Take a look at Whole Foods' dramatic price drop
On the same day Amazon.com officially bought grocer Whole Foods, the retail giant Monday began lowering prices on a number of grocery staples, including cereal, vegetables, beef and fruit at its SouthPark store.
On Monday morning, I stopped by the Fairview Road location, where customers were greeted with a huge green Whole Foods-Amazon banner that boasts: “We’re growing something good.”
The store didn’t feel any busier than normal, and without the subtle Amazon logos on dozens of the new orange tags designating new lower prices, you might not realize that Whole Foods has a new owner.
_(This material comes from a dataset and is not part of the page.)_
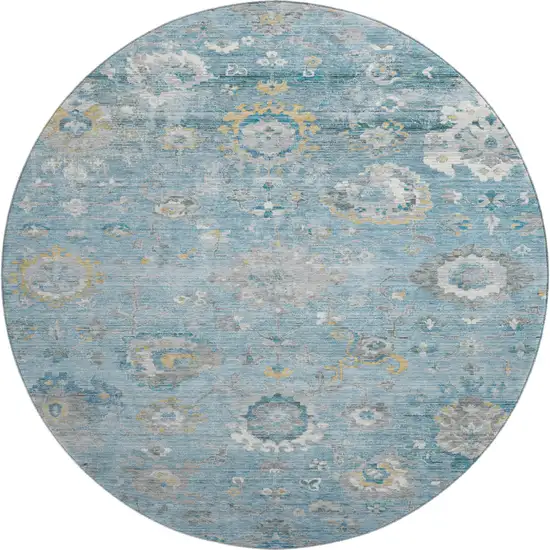 8' X 8' Teal Gold And Ivory Oriental Washable Round Rug With UV Protection Photo 1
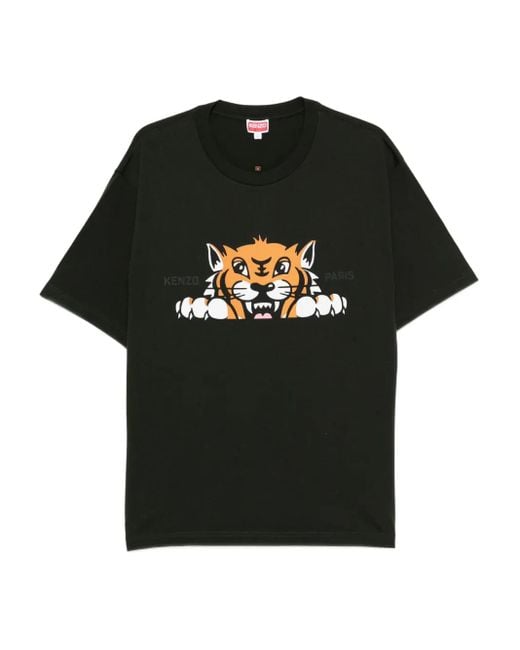KENZO T-Shirt mit Tiger-Grafik in Black für Herren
Amazon’s shocking $13.7 billion takeover of the upscale grocer will increase competition in fast-growing markets like Charlotte, thanks to lower prices and new technology, experts say.
Whole Foods – with Charlotte-area stores in SouthPark, Huntersville, Waverly and one under construction in uptown – had said it planned to lower prices starting Monday, but hasn’t said how many items saw their prices drop.
Already, cage-free brown grade A eggs at the SouthPark store were marked down to $2.99 from $3.29 Monday. Hass avocados are now $1.49, down from $2 each. Organic Fuji apples are marked down to $1.99 from $2.99 a pound, and bananas are now 49 cents, down from 79 cents a pound. A 16-oz. jar of crunchy almond butter is now $6.99, down from $7.99. A 12-oz. box of Cheerios is $2.99, a dollar cheaper than before. A 12-oz. bag of organic shredded cheddar cheese is now $6.99, marked down from $7.99.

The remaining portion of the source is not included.